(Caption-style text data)
-=-=-
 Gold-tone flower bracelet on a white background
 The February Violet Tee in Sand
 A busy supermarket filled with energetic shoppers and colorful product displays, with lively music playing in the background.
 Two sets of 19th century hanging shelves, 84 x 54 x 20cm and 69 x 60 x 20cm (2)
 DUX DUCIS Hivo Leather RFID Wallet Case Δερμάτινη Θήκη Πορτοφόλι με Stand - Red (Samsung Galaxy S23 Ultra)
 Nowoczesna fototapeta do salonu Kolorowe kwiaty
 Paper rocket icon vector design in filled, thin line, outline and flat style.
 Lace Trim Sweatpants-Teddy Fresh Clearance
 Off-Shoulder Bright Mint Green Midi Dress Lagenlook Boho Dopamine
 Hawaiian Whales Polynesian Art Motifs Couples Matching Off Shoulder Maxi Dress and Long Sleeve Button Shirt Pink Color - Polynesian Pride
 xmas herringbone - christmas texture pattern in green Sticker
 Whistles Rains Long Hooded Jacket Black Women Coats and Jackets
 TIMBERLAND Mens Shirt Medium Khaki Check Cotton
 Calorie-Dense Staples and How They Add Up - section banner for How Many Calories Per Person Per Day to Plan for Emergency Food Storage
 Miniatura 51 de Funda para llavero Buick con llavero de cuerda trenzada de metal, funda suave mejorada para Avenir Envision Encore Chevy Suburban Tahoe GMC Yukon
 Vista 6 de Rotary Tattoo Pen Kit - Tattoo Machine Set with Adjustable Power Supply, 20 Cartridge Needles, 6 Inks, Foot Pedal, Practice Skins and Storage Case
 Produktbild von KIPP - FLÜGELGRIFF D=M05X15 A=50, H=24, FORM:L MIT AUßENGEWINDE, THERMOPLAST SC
-=-=-
**WHAT TO PRODUCE**
Only the lines above starting at the one containing "A busy supermarket" and ending at the one containing "Whistles Rains Long", both included, are to be returned, exactly as they read.

**RESULT FOR THIS TASK**
 A busy supermarket filled with energetic shoppers and colorful product displays, with lively music playing in the background.
 Two sets of 19th century hanging shelves, 84 x 54 x 20cm and 69 x 60 x 20cm (2)
 DUX DUCIS Hivo Leather RFID Wallet Case Δερμάτινη Θήκη Πορτοφόλι με Stand - Red (Samsung Galaxy S23 Ultra)
 Nowoczesna fototapeta do salonu Kolorowe kwiaty
 Paper rocket icon vector design in filled, thin line, outline and flat style.
 Lace Trim Sweatpants-Teddy Fresh Clearance
 Off-Shoulder Bright Mint Green Midi Dress Lagenlook Boho Dopamine
 Hawaiian Whales Polynesian Art Motifs Couples Matching Off Shoulder Maxi Dress and Long Sleeve Button Shirt Pink Color - Polynesian Pride
 xmas herringbone - christmas texture pattern in green Sticker
 Whistles Rains Long Hooded Jacket Black Women Coats and Jackets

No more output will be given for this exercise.